This is why stateful services demand careful ordering. You provision the host, install the runtime, create or mount the persistent path, restore the data if needed, and only then start the service. If you reverse the last two steps, many applications happily initialize an empty directory and create a brand-new state. From the automation’s perspective the service is “running.” From the operator’s perspective the wrong system is running.
Idempotency looks slightly different in these workflows. For package management, idempotency often means “the task makes no change when the system already matches the desired state.” For data restore, it often means “the task can be safely repeated without corrupting or duplicating state.” Checksums, restore markers, file existence guards, and validation tasks become important because the automation is now protecting information, not just configuration files.
When Configuration Management Is the Wrong Tool
Section titled “When Configuration Management Is the Wrong Tool”Configuration management excels at keeping long-lived servers aligned with a declared state over time. But long-lived servers that you manage in place are not the only way to run infrastructure, and understanding when that model stops being the right choice is as important as knowing how to apply it.
The core tension is between repairability and replaceability. In the mutable model, a server accumulates configuration over its lifetime and configuration management keeps it on track by detecting and repairing drift. That works well when servers are long-lived, carry persistent state, or are expensive to recreate. It works less well when servers are ephemeral, when the configuration is complex enough that convergence cannot fully guarantee identical state on every host, or when the pace of intentional change is high enough that the playbook is always chasing a moving target.
The alternative is to encode configuration into a machine image during a controlled build process rather than applying it at runtime on a live server. Packer is the standard tool for this on virtual machine infrastructure. Packer provisions a temporary instance, runs provisioners inside it (shell scripts, Ansible playbooks, or cloud-specific bootstrap tools), and captures the result as an AMI, a VM disk snapshot, or a machine image ready for deployment to your cloud provider. When a new server is needed, you launch the pre-built image. There is no post-boot convergence step, no agent polling for drift, and no gap between what the playbook declares and what is actually on disk. The image is the artifact, and it was built and verified before it was ever published.

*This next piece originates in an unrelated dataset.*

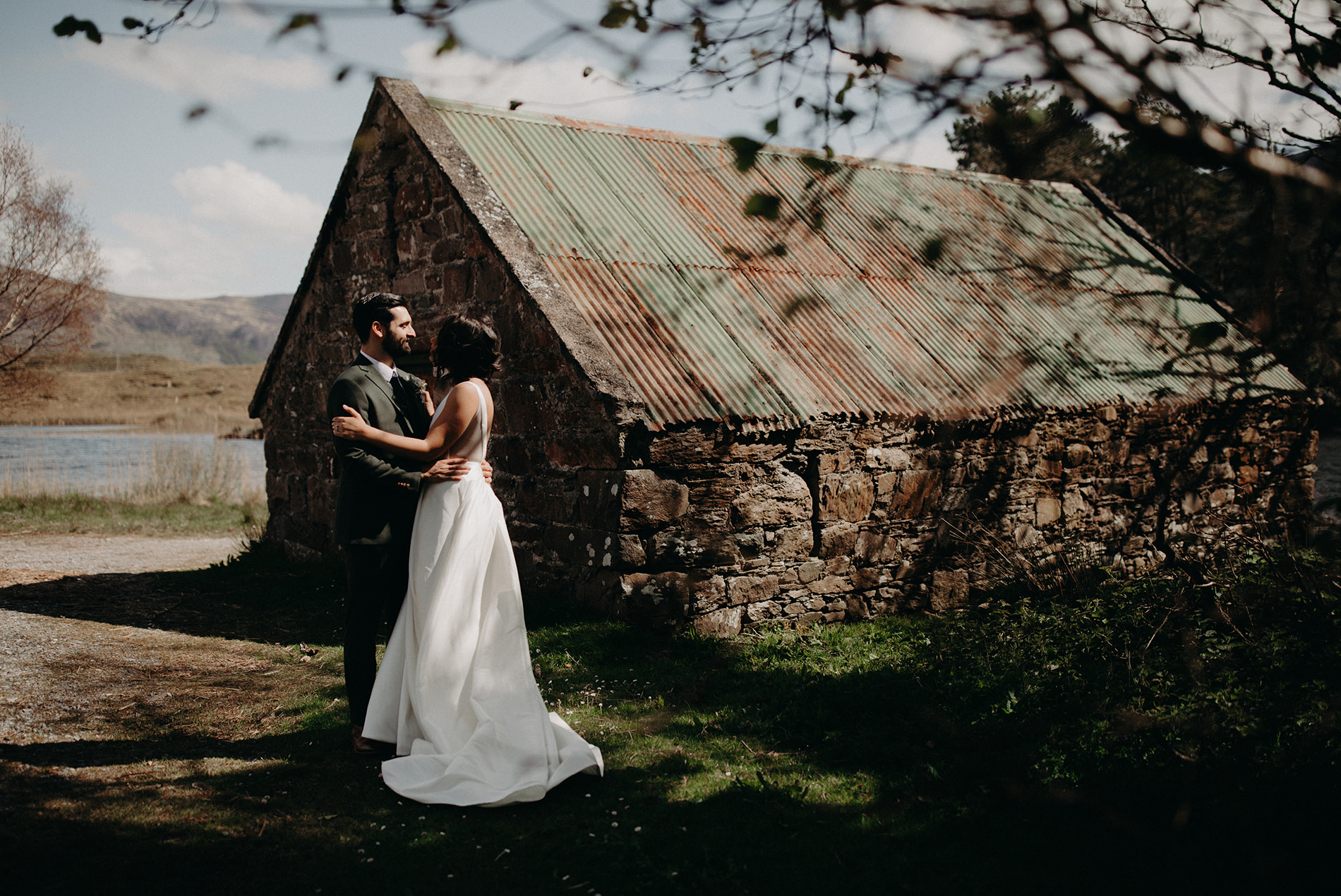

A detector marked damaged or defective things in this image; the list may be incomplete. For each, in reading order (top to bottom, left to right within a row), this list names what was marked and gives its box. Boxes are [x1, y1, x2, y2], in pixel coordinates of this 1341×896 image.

rusty corrugated roof [429, 98, 1304, 429]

This approach, often called golden image or baked image infrastructure, reduces configuration drift across instances to nearly zero because every instance launched from the same image contains exactly the same bits. The tradeoff is inertia. Updating a mutable server means running a playbook; the change is live in minutes. Updating an immutable image means rebuilding it, publishing it to an image registry, and replacing every running instance with the new version. For a team deploying a new application version twice a week, that replacement cycle is a manageable cost. For a team that needs to apply emergency security patches quickly across a large fleet, rebuilding and redeploying AMIs can slow the response window enough to matter.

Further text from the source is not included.